General information
- Type: Amateur-built aircraft
- National origin: France
- Manufacturer: APEV
- Designer: Daniel Dalby
- Status: In production (kit, 2012)

History
- Developed from: APEV Pouchel II
- Variant: APEV Pouchelec

= APEV Pouchel Light =

French homebuilt aeroplane

The APEV Pouchel Light (Ladder Flea Light) is a French amateur-built aircraft, designed by Daniel Dalby and produced by APEV of Peynier. The aircraft is supplied as plans or as a kit for amateur construction.

==Design and development==
The Pouchel Light replaced the Pouchel II in production, which in turn replaced the original APEV Pouchel. The original Pouchel was constructed using three commercially available aluminium ladders, hence APEV is the Association pour la Promotion des Echelles Volantes, or in English, Association for the Promotion of Flying Ladders.
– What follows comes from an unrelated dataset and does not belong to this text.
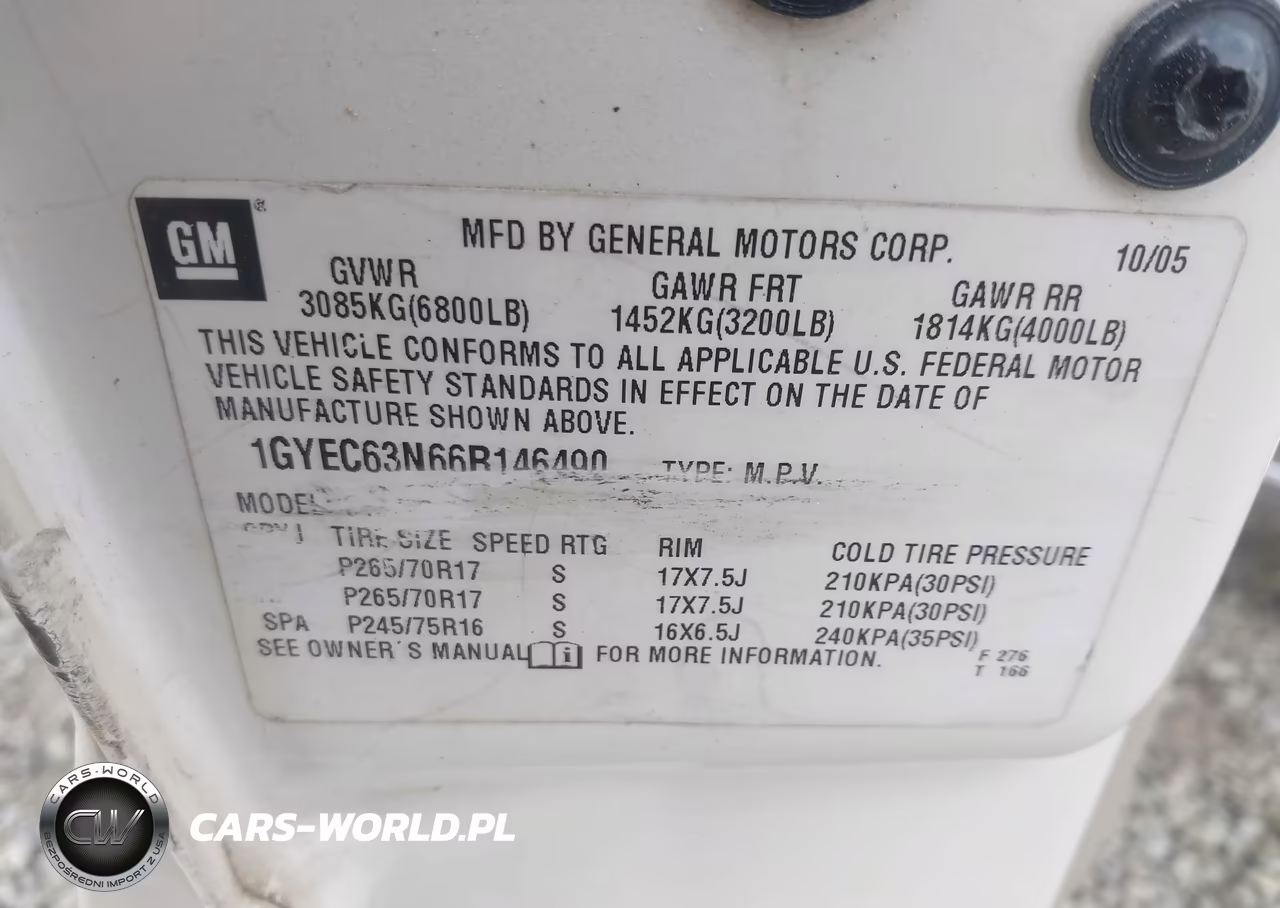 2006 Cadillac Escalade Standard VIN:1GYEC63N66R146490 - 9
Later models were forced to move to rectangular aluminium tubing when the ladder manufacturer grew concerned about liability.
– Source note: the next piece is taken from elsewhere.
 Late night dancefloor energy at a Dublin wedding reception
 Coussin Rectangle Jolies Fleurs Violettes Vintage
The Pouchel Light is a re-designed, 50 kg lighter version of the Pouchel II that it replaces in production, with an empty weight of 100 kg. The Pouchel series are all derivatives of the classic 1930s Henri Mignet-designed Mignet Pou-du-Ciel (Flying Flea).
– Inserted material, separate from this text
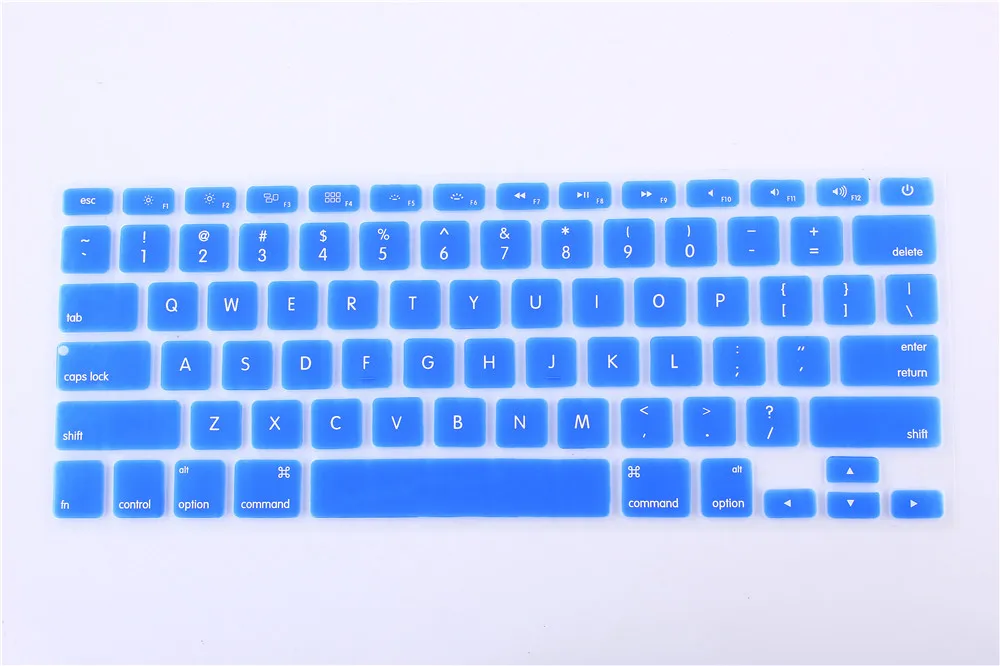 США силиконовая клавиатура для ноутбука Защитная пленка для Apple Macbook Air retina 13 15 17 Pro 13 - Цвет: Синий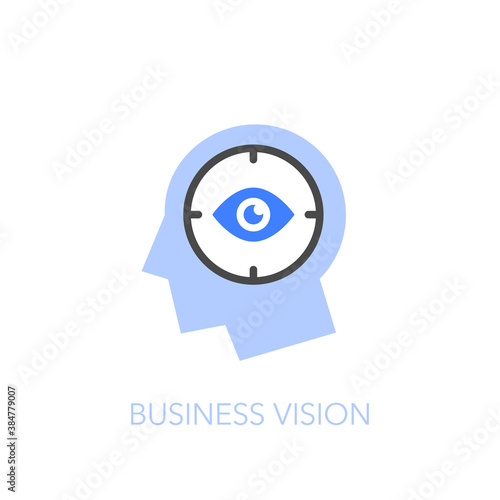 Business vision symbol with a human head and a focused eye. Easy to use for your website or presentation.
The Pouchel Light features a cantilever rear wing with a strut-braced parasol front wing, a single-seat open cockpit without a windshield, fixed conventional landing gear and a single engine in tractor configuration. The aircraft is made from bolted-together aluminium tubing. The wings are the same as those used on the Scoutchel and are built around a single aluminium spar, with ribs made from extruded polystyrene with plywood bracing, all bonded to fibreglass leading and trailing edges, covered in Dacron sailcloth. Its 6 m span front wing and 4 m span rear have a combined area of 12 m2 and both employ NACA 23112 airfoils. Recommended engines are the 35 hp Rotax 377 or the 40 hp Rotax 447 two-stroke powerplants.